一只从天花板偷袭的人面鼠,被萧凤禾反手一刀两断。
腥臭的黑血像高压水枪一样喷出来。
萧凤禾反应极快,腰肢后折,做了一个极限铁板桥,避开了大片污秽。
但,百密一疏。
一滴粘稠如沥青的黑血,不偏不倚,溅在了她飞扬的裙角上。
在那鲜艳的红底白点上,晕开了一朵刺眼的脏花。
萧凤禾动作僵住了。
刀刃停在半空,哪怕面前正有三只老鼠张开满是细牙的嘴咬过来,她也没动。
她低头,死死盯着那个黑点。
那一瞬间的委屈,比挨了一发子弹还难受。
那是林栋送的,她说好看的。
“脏了。”
她嘴唇动了动,声音有点抖。
眼底那点属于少女的清澈瞬间蒸发,只剩暴虐的猩红。
周围温度骤降,杀意沸腾。她握刀的手背上,青筋暴起。
林栋皱眉。
他把烟头扔在地上,一脚碾灭,火星子在军靴底下拉出一道红线。
“的确良这料子,吸水,沾了油特别难洗。”
林栋叹了口气,语气像个因为家务繁重而摆烂的男主人,
“而且现在没洗衣粉,这要是手搓,太费劲。

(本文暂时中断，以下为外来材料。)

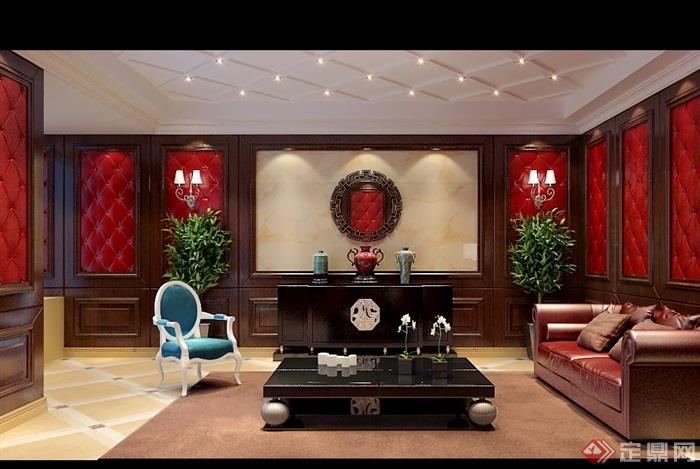 欧式详细的住宅室内客厅空间装饰设计3d模型及效果图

”
他抬头,看着那无穷无尽的粉色肉潮。
那些长着婴儿脸的怪物还在笑,还在哭,还在不知死活地往前涌。
“既然洗不干净,那就都别活了。”
林栋往前迈了一步。
这一步落下,慵懒散漫的气场荡然无存。
那一双黑眸深不见底,仿佛能吞噬周遭所有的光线。
“小禾,闭眼。”
萧凤禾没有任何犹豫。
哪怕面前正有五只巨鼠张着满嘴獠牙扑向她的咽喉,
腥臭的风已经喷到了脸上,
她也依然听话地闭眼,收刀,双手捂住耳朵。
林栋抬起右手,掌心向上,五指修长。
然后,猛地翻掌,下压。
动作轻描淡写,就像是在盖上一个垃圾桶的盖子。
“跪下。”
两个字,轻得像风,重得像山。
嗡——!!!
空气发出一声极其沉闷的爆鸣,
整栋百货大楼的钢筋骨架都在这一刻发出了令人牙酸的扭曲声。
一种肉眼可见的透明波纹,以林栋为圆心,呈环状横扫整个二楼大厅。
五十倍重力,瞬发。
在这个领域内,原本几斤重的老鼠,体重瞬间飙升至几百斤。
这种重量不是压在背上,而是作用在每一个细胞、每一根血管、每一块骨骼上。